The only data accessor is a method get. It must be called every time the user needs data. Return value is built either by default file reader or by custom one. Method expects to receive a path to the file (relating to the prefix if it was specified in the constructor).

When get is called for the first time, file is always read from disk and stored to the cache. Internal behaviour of future calls depends on different conditions as described in next sections.

If the cache is empty and no file exists, the call dies with an error.

Time caching mode is off

Timeout check is off by default. In this case each call of get looks if the file in question was modified. If it was, the cache is updated and a new value is returned. Otherwise current value is returned without reading the file.

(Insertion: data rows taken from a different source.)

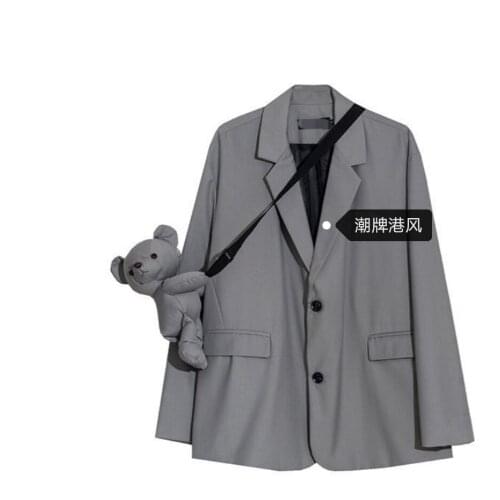 Fall New Men and Women Blazers Shoulder Bag Bear Decoration Casual Suit Single Breasted Blazers Jacket Women Blazer Women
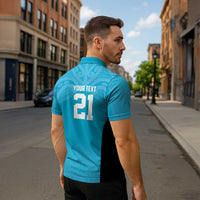 New Zealand Custom Zipper Polo Shirt Fire Basketball Maori Tribal Sky Blue LT9 - Polynesian Pride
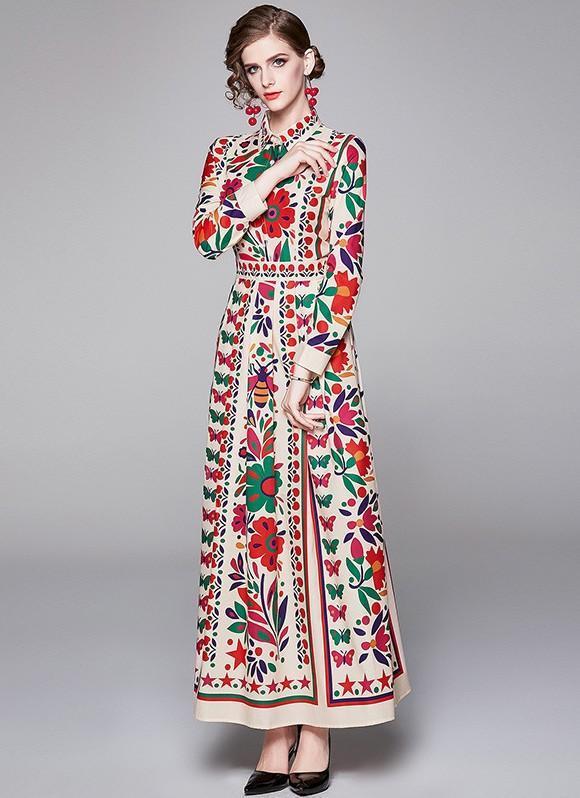 Lapel Vintage Lace Print Long Sleeves Maxi Dress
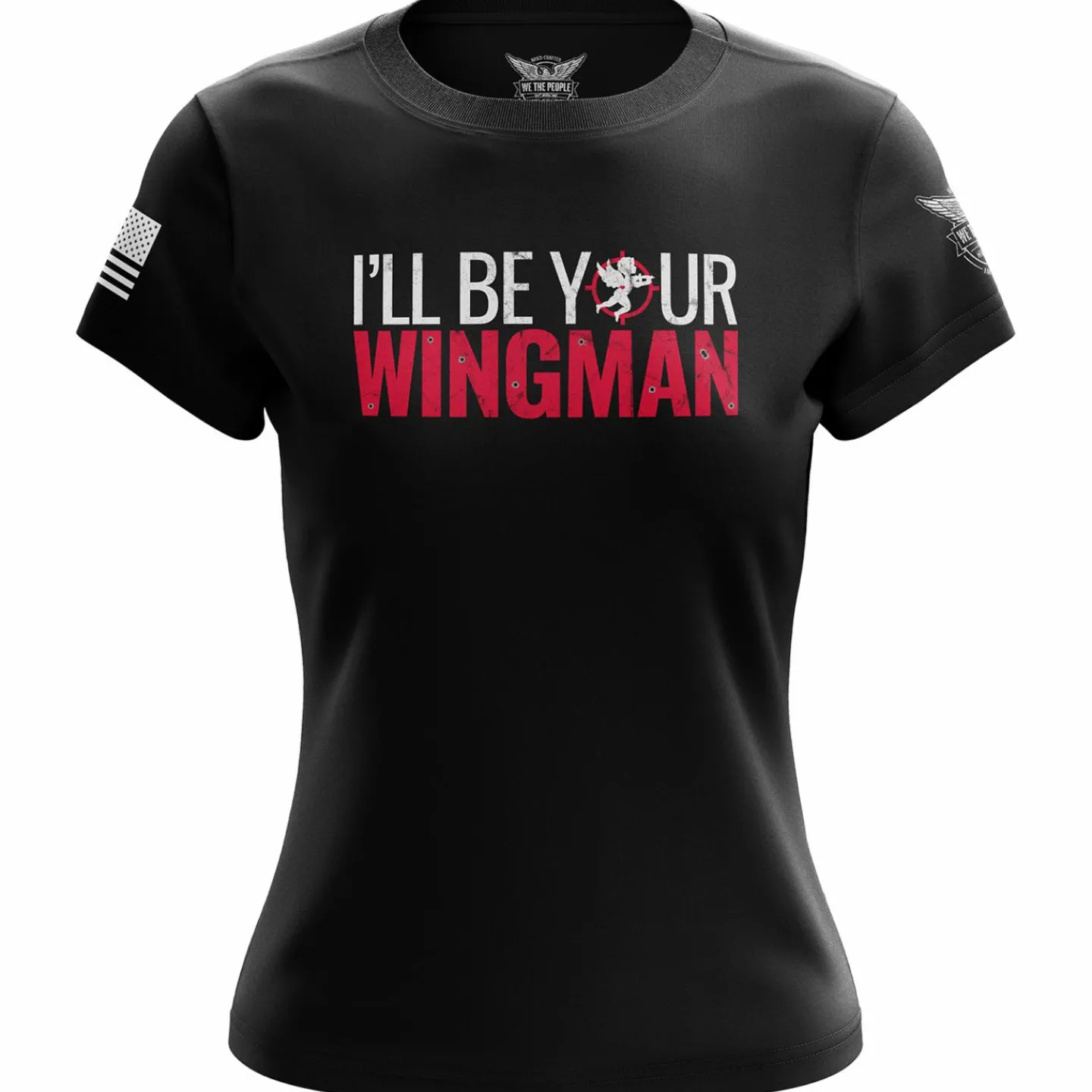 We The People Holsters Cupid's Wingman Women's Short Sleeve Shirt Black New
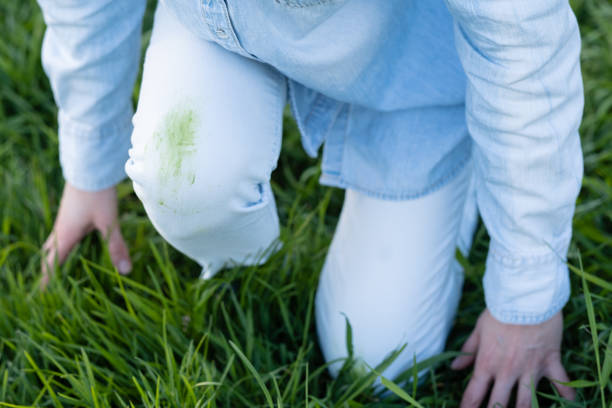 istock Close up dirty grass stains on clothes. 2153038963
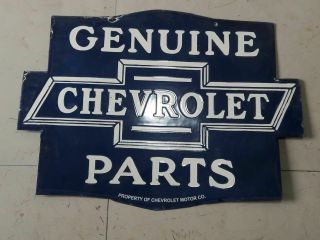 Porcelain Chevrolet Parts 2 Sided Enamel Sign 24 " X 18 " Inch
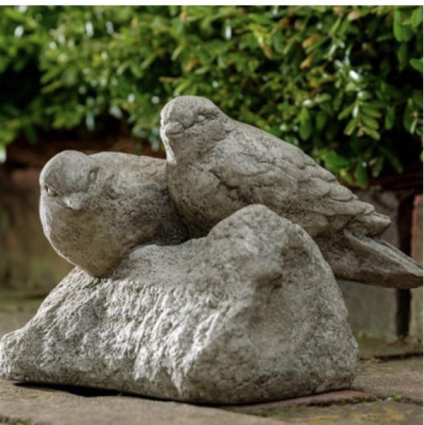 Coupling Birds Cast Stone Garden Statue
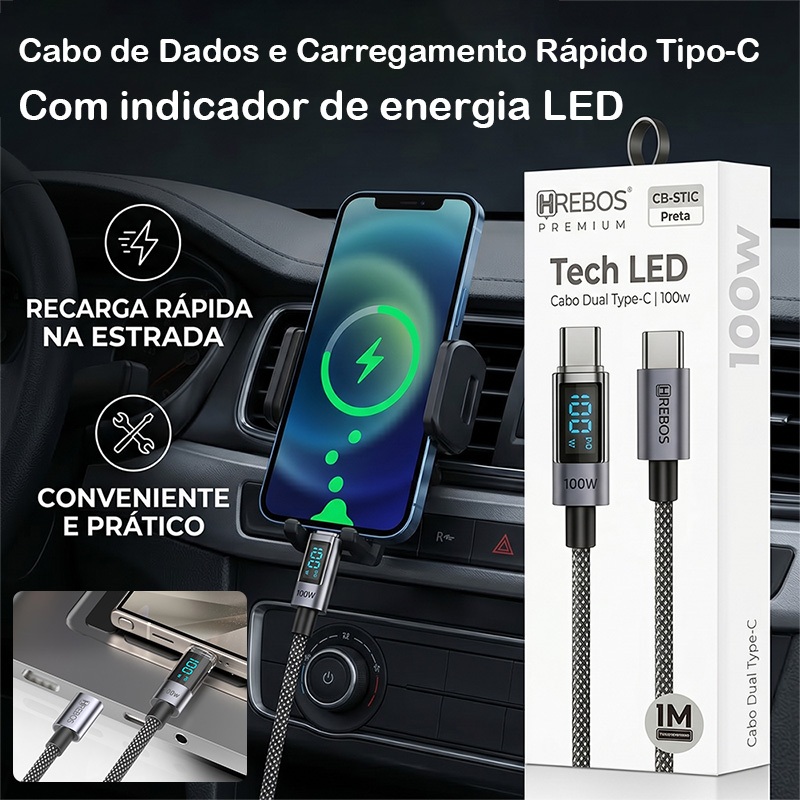 HREBOS Cabo de dados de carregamento rápido Type-C de 100 W com indicador de energia LED, para celulares e tablets.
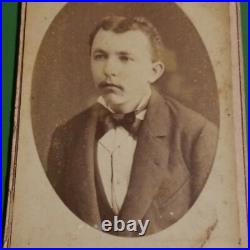 RARE ANTIQUE VERY EARLY 1856 DATED CDV PHOTO PARIS FRANCE STUDIO ID'd YOUNG MAN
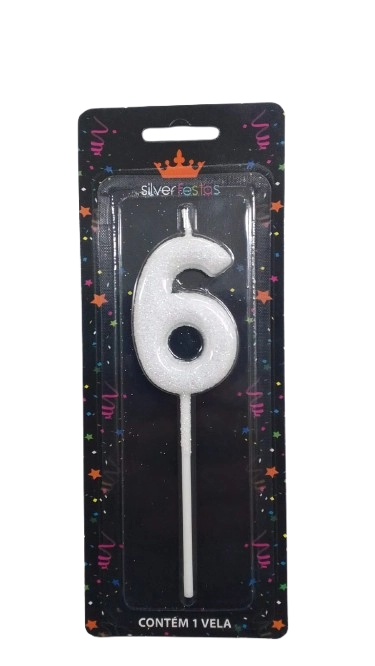 Vela Glitter Branca N6 20x8cm Silver Plastic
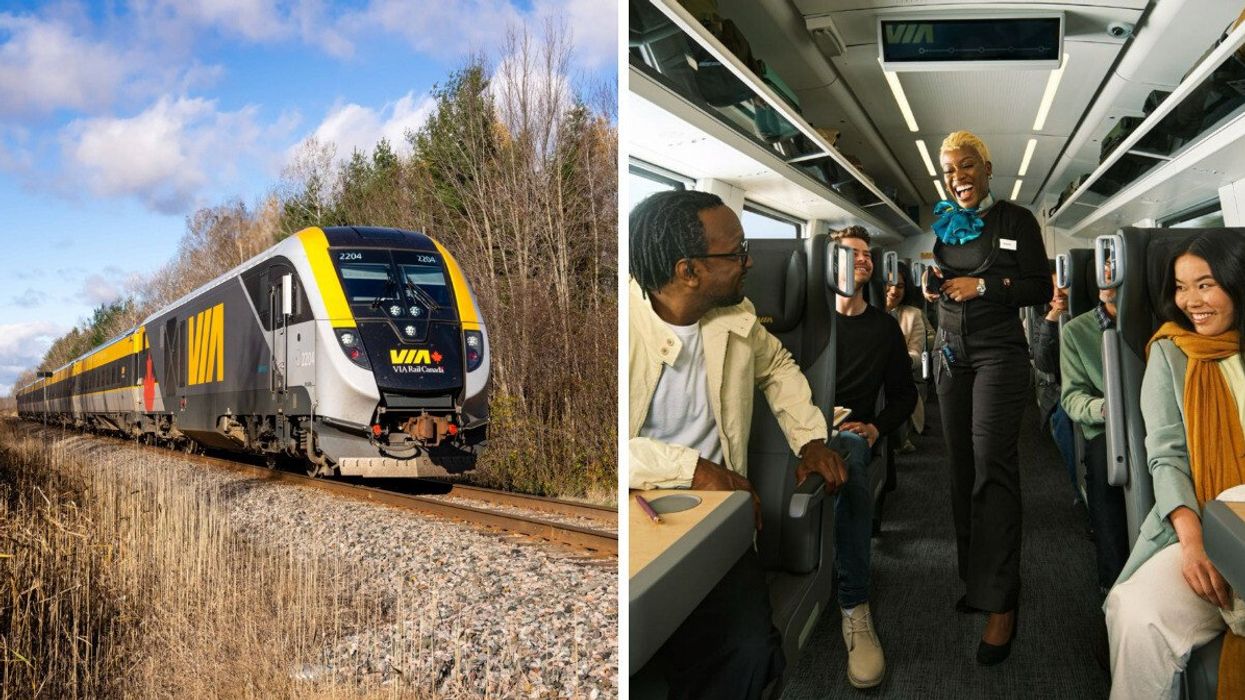 A VIA Rail train. Right: A VIA Rail on train attendant laughs with passengers.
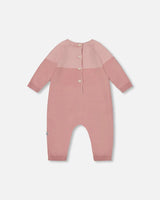 Knitted Bi-Color Cat Romper Old Pink | Deux par Deux | Jenni Kidz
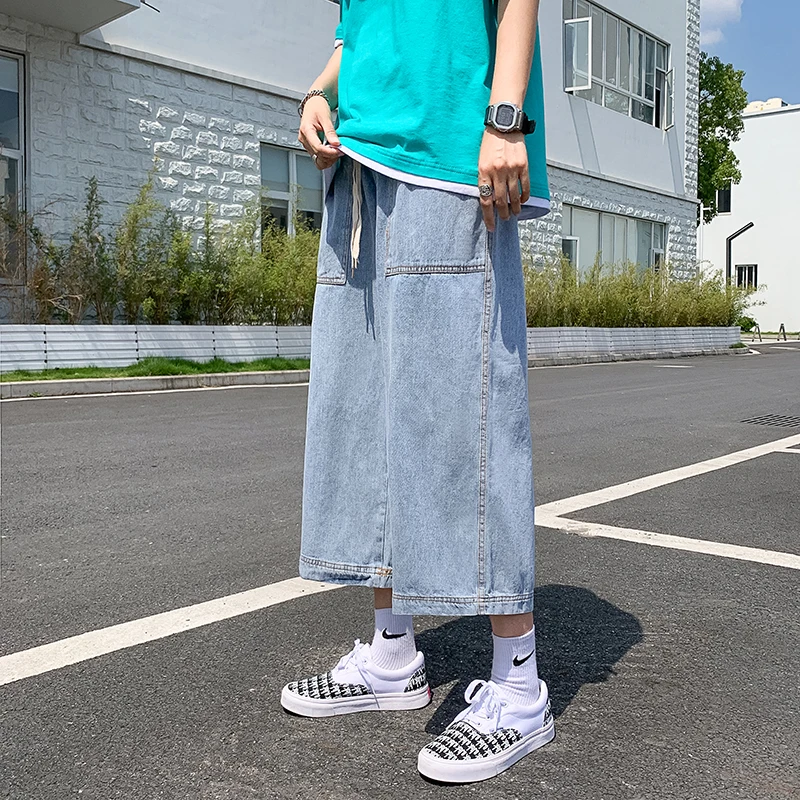 

Summer Thin Men's Casual Loose Straight Leg Jeans Elastic Waist Wide Leg Denim orts Trendy Workwear Trousers Youth Faion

Note that modification is determined by checking modification time and size of the file. Thus in rear cases modification may be not noticed. For example, if a copy of two different files are made in a period less than one second, and between these two copyings get is called. To avoid such situations, remove method may be used to clear the cache for that file:

    use File::Copy;
    copy('file1', 'file');
    say $cache->get('file');
    unlink 'file';
    $cache->remove('file');
    copy('file2', 'file');
    say $cache->get('file');
    

When the file is deleted and the cache is not cleaned, every get call will return the value stored in it previously.

Time caching mode is on

Timeout for the cache is set by timeout parameter in a constructor. The value is a number of seconds during which physical file on the disk will not be checked. If it is changed before the timeout, cache will contain initial value.

    # Running under mod_perl
    my $cache = new File::Cache::Persistent(timeout => 600);
    . . .
    sub handler {
        . . .
        say $cache->get('currency_rates.html');
    }    
);

First get call happened after timeout will check if the file was modified and update the cache if it is necessary. If there were no changes, timeout will be prolongated for timeout seconds more without re-reading the file.

If the file is deleted, the cache does not suffer even it is asked after timeout.

status

Module provides special method status which reports where cache data were get from. This method returns the status of last get call and thus should be used after calling get and before any other get or remove calls.

Return value is a bitwise combination of the following flags:

CACHE occures when get returns the value from cache. If the cache has a timeout specified, additional TIME_CACHE flag is set.

TIMEOUT indicates that timeout happened.

PROLONG shows that timeout was reset for the next period and no file was really read.

FILE, NOT_MODIFIED and NO_FILE correspond to situations when file was read from disk, or it was not modifed, or was deleted.

Bitwise operator | may be used to determined what happened:

    if ($cache->status | $File::Cache::Persistent::NO_FILE) {
        warn "Unexpectedly absent file";
        rebuild_files;
    }

AUTHOR

Andrew Shitov, <andy@shitov.ru>

COPYRIGHT AND LICENSE

File::Cache::Persistent module is a free software. You may redistribute and (or) modify it under the same terms as Perl itself whichever version it is.